Source Attribution and Citation in RAG

Section 32.5

"Citing your sources is not pedantry. It is the difference between a trustworthy assistant and a confident confabulator."

RAGRAG, Scrupulously Footnoted AI Agent
Big Picture

A RAG system that generates correct answers but cannot tell you where those answers came from is only half-built. Source attribution transforms RAG from a "trust me" black box into a verifiable information system. Users, auditors, and downstream processes need to trace every claim back to a specific document, paragraph, or data record. This section covers the system design problem of building citation into RAG pipelines: from prompt-level strategies through post-generation verification to end-to-end attribution architectures.

Prerequisites

This section builds on the RAG architecture from Section 32.1. Familiarity with prompt engineering and structured output parsing is assumed. Advanced retrieval techniques and hallucination-detection methods are covered in detail later in the book.

Key Insight: Why Attribution Matters

The mental model: in a RAG system, the citation is the bridge between the LLM's generated text and the underlying knowledge base, and that bridge does five distinct jobs at once. Source attribution serves multiple purposes beyond user trust:

Treat attribution as a load-bearing part of the architecture, not a UI garnish. A RAG system without trustworthy citations is a generative system pretending to be a retrieval system, which is the worst of both worlds.

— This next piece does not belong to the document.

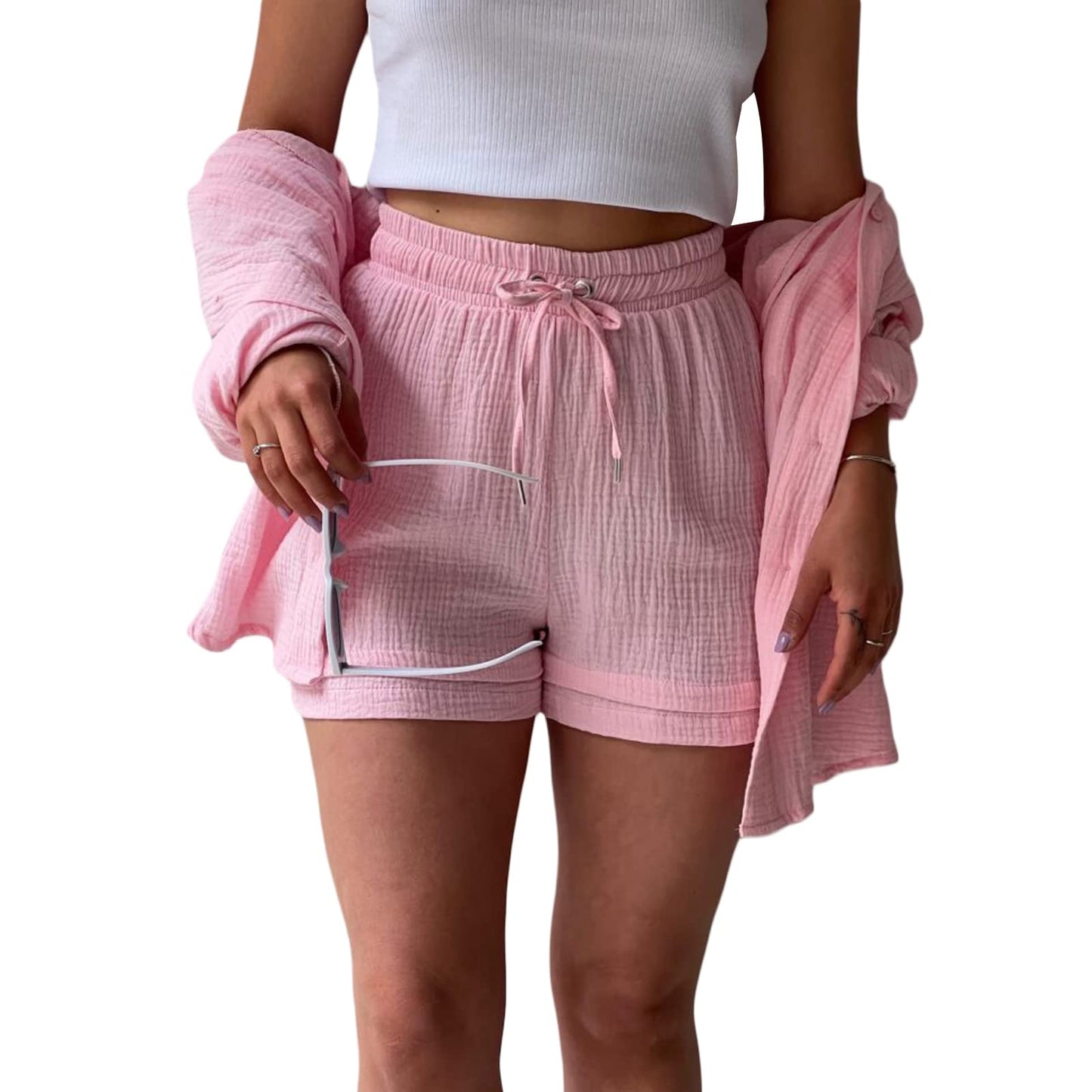 Geagodelia Damen Zweiteiler Elegant Hosenanzug Sommer Outfits Kleidung 2 Teiler Set Bluse Top + Shorts Y2k Aesthetic Clothes Loungewear Anzug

Warning: Citation Does Not Guarantee Faithfulness

A model can generate a citation to a real source while stating something the source does not actually say. This is citation hallucination, one of the most dangerous failure modes because it creates false confidence. Every attribution system needs a verification layer, not just a generation layer.

Concrete example: a user asks "what is the return window for electronics?" The retriever returns Source [1] (Returns Policy: "Items may be returned within 30 days for a full refund") and Source [2] (Warranty Guide: "Electronics carry a 2-year manufacturer warranty"). The model writes "Electronics can be returned within 90 days [1][2]." The "[1][2]" looks authoritative; both sources exist; the URLs work; the user clicks them and sees real policy documents. But 90 days appears in neither source. The model averaged "30 days" and "2 years" into a plausible-sounding middle ground and stapled real citations onto a fake claim. NLI verification would catch this because neither source entails "90 days"; quote-matching would catch it because no chunk contains the string "90 days."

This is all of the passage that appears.